Extracted material:
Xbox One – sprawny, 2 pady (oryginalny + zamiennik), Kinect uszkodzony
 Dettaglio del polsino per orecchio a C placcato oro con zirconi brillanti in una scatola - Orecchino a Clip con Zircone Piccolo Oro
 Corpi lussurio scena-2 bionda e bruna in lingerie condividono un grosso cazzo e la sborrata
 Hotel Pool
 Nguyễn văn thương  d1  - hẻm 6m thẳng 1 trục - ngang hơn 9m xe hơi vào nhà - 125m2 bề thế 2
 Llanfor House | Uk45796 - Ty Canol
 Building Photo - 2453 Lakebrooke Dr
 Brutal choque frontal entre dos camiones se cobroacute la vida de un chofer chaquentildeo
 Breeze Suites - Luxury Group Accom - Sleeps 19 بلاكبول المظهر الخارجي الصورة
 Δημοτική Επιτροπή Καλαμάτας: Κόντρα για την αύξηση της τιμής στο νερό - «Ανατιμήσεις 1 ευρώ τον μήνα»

Task objective: Send back all of the material exactly as given.

Problem solution:
Xbox One – sprawny, 2 pady (oryginalny + zamiennik), Kinect uszkodzony
 Dettaglio del polsino per orecchio a C placcato oro con zirconi brillanti in una scatola - Orecchino a Clip con Zircone Piccolo Oro
 Corpi lussurio scena-2 bionda e bruna in lingerie condividono un grosso cazzo e la sborrata
 Hotel Pool
 Nguyễn văn thương  d1  - hẻm 6m thẳng 1 trục - ngang hơn 9m xe hơi vào nhà - 125m2 bề thế 2
 Llanfor House | Uk45796 - Ty Canol
 Building Photo - 2453 Lakebrooke Dr
 Brutal choque frontal entre dos camiones se cobroacute la vida de un chofer chaquentildeo
 Breeze Suites - Luxury Group Accom - Sleeps 19 بلاكبول المظهر الخارجي الصورة
 Δημοτική Επιτροπή Καλαμάτας: Κόντρα για την αύξηση της τιμής στο νερό - «Ανατιμήσεις 1 ευρώ τον μήνα»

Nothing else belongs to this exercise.